This Government have already carried through the most radical programme of change for our schools in living memory, but we have to go further. The Dearing 16-to-19 review heralds a wider and more rigorous range of vocational and academic qualifications. On Thursday, we shall publish the third competitiveness White Paper, setting out plans for education and training policies to equip Britain to face the future.

The skills audit addresses what has been a chronic problem for this country for 120 years. It is this Government who have had the courage to do that; it is this Government who have brought forward the measures to deal with the deficiencies. We shall continue to do so, because it is this Government alone who understand the challenge of global competition.

Later this month, I will publish a White Paper to extend self-government in all schools, to give more freedom to grant-maintained schools, and to give all parents more choice of schools—including grammar schools. In September, I will launch a thoroughgoing reform of teacher training to ensure that new primary teachers are better equipped in future to teach the three Rs. We shall be bringing legislation before the House to support better school discipline and to give powers to Ofsted to inspect the work of LEAs in raising educational standards. Those measures are essential if pupils are to learn effectively.

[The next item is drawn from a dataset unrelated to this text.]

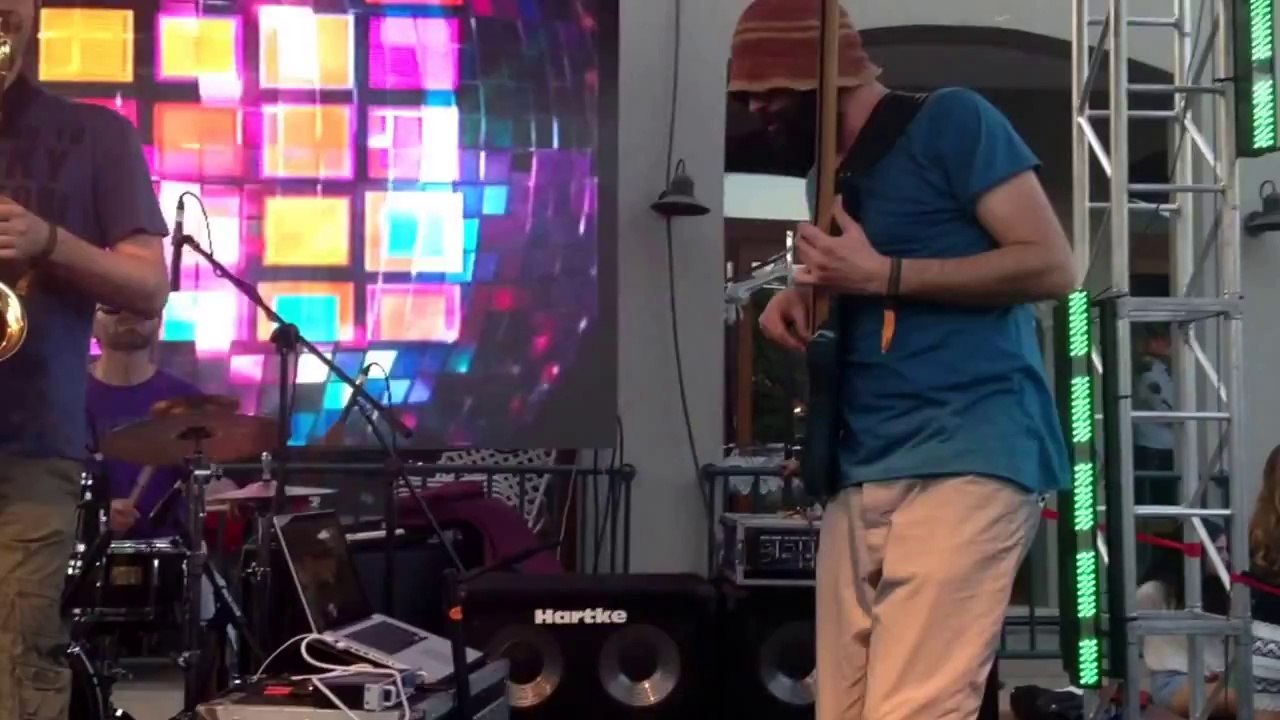 Alp Ersönmez __ Solo Performance __ @ Chill Out Fest 2013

I shall predict Labour's response to that programme to raise standards ever higher. It will fudge, it will oppose—not just us, but each other. Labour Members will doubtless seize eagerly on the advantages of our policies for their own children, while denying those opportunities to the children of others. Some of them may pay lip service to the cause of higher standards—we heard some of that this afternoon— while allowing their local authorities to lower standards at every turn. In other words, they will practise the creed which socialism has used throughout its history—"Do what I say, not what I do." People will see behind the smiling face of new Labour the class envy and mediocrity of old socialism.

This Government will continue their programme to give the people of this country the finest education in the world. I urge the House to support the amendment.

4.58 pm
Mr. Mike Hall (Warrington, South)

I congratulate my hon. Friend the Member for Sheffield, Brightside (Mr. Blunkett) on a tour de force this afternoon on Labour party policies and the way in which we will try to lever up education standards. His speech was in stark contrast to the bereft performance of the Secretary of State. We heard little of what the Government propose to do about the crisis in our schools that has come about after 17 years of Conservative government. All we heard was an onslaught on the Labour party in local government. I am tempted to ask whether the right hon. Lady will accept responsibility for her Department's activities. Which of her five predecessors does she blame for the problems in our schools today?

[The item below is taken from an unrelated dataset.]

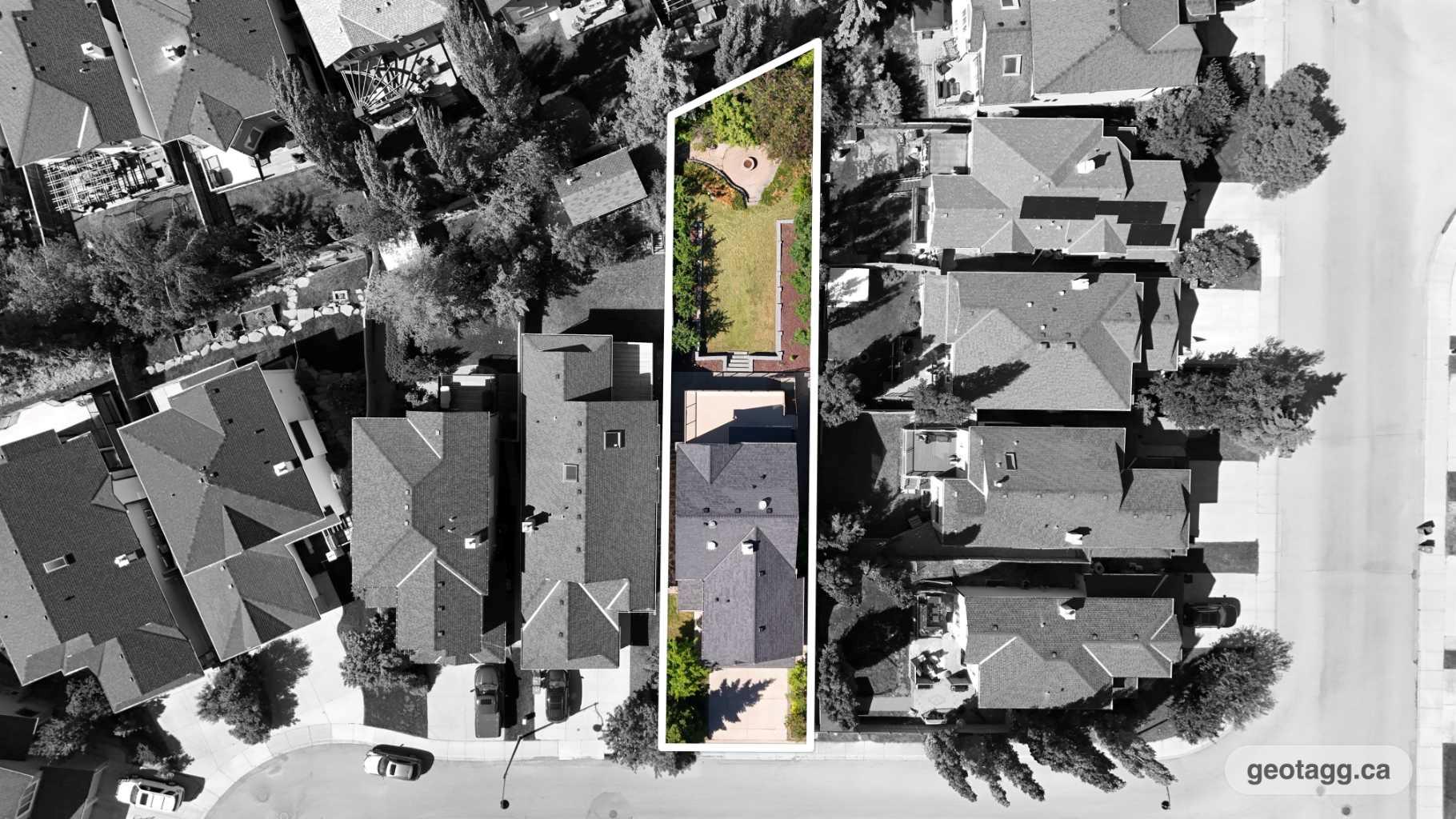 9 Cresthaven Way SW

What is happening in our schools today is a direct result of the dictations of the 1988 education Act—wrongly titled the Education Reform Act—which was put on the statute book by the then Secretary of State, the right hon. Member for Mole Valley (Mr. Baker). The Government had high expectations of that Act. On Second Reading the right hon. Gentleman described the legislation in the following way: This Bill will create a new framework, which will raise standards, extend choice and produce a better-educated Britain.—[Official Report, 1 December 1987; Vol. 123, c. 771.] Yet, according to figures produced on the performance of our education system, problems in schools today show that the expectations of the Act are not being realised. In fact, school standards may have suffered as a direct result of the Act because of the nature of the national curriculum and of standard attainment tests, which were so flawed and so poorly introduced.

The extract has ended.